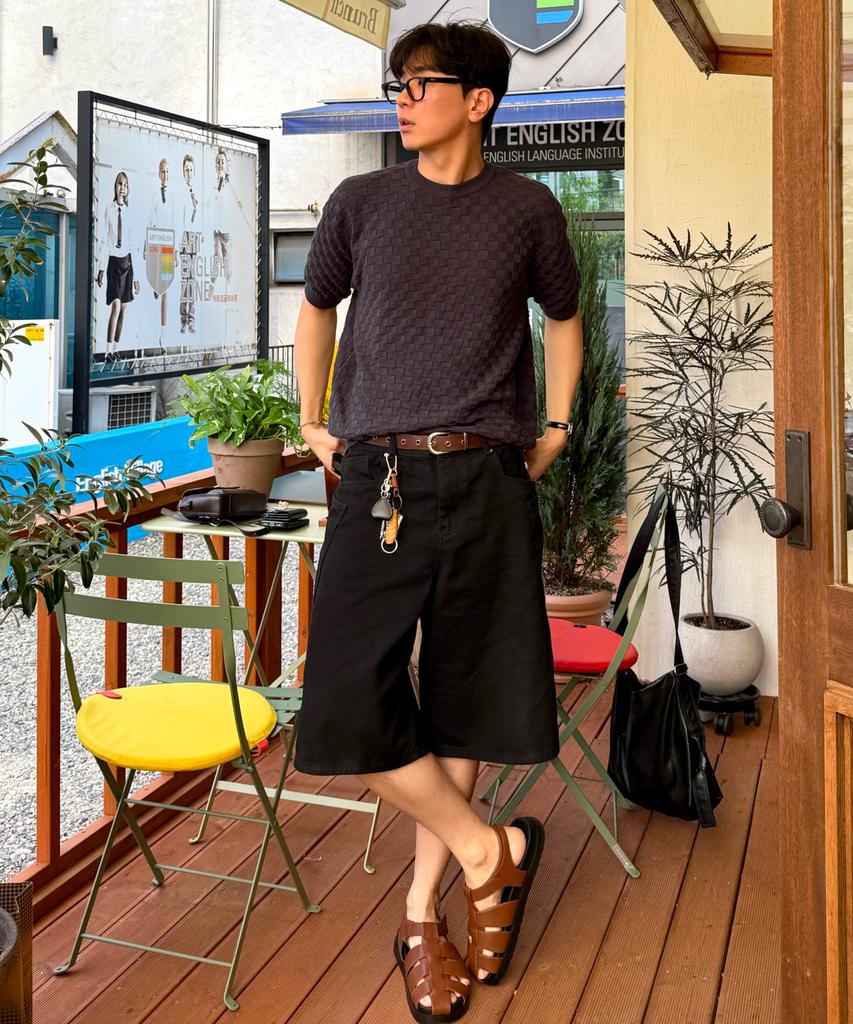 Beodeonteu Layered Cargo Twill Cotton Bermuda Shorts [Black]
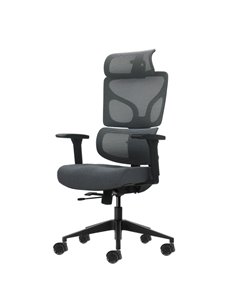 Oqonos Cherg 011 Silla de Bureau Ergonomica Avec Reposacabezas Cervical Réglable, Respaldo et Asiento de Malla Élastique, Reposa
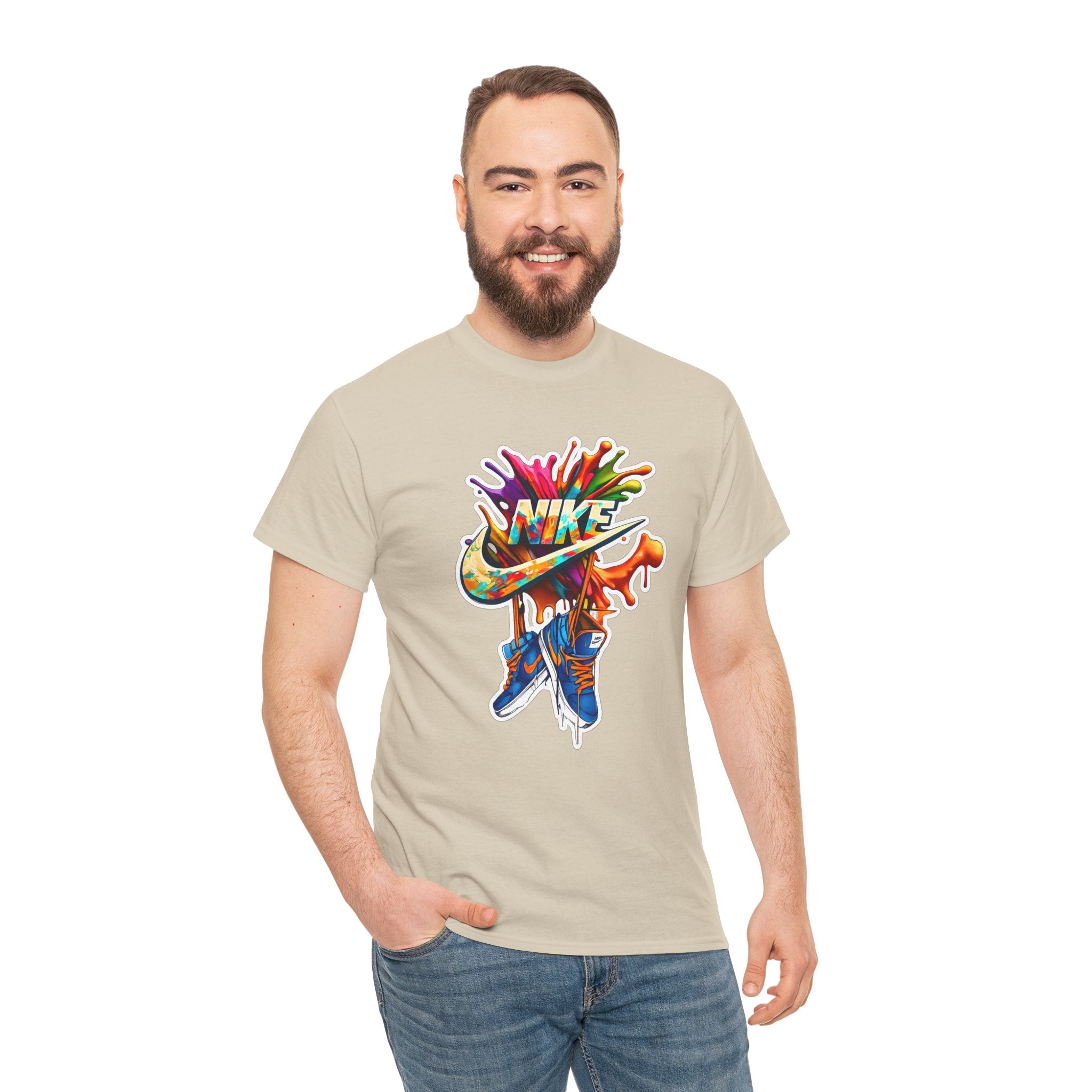 Nike Inspired Splash Graphic Tee — Colorful Sneaker Streetwear T-Shirt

::::::::::

* _PROBLEM_: I would like the data copied exactly as it stands, with no pictures included.

* _SOLVED EXERCISE_:
 Beodeonteu Layered Cargo Twill Cotton Bermuda Shorts [Black]
 Oqonos Cherg 011 Silla de Bureau Ergonomica Avec Reposacabezas Cervical Réglable, Respaldo et Asiento de Malla Élastique, Reposa
 Nike Inspired Splash Graphic Tee — Colorful Sneaker Streetwear T-Shirt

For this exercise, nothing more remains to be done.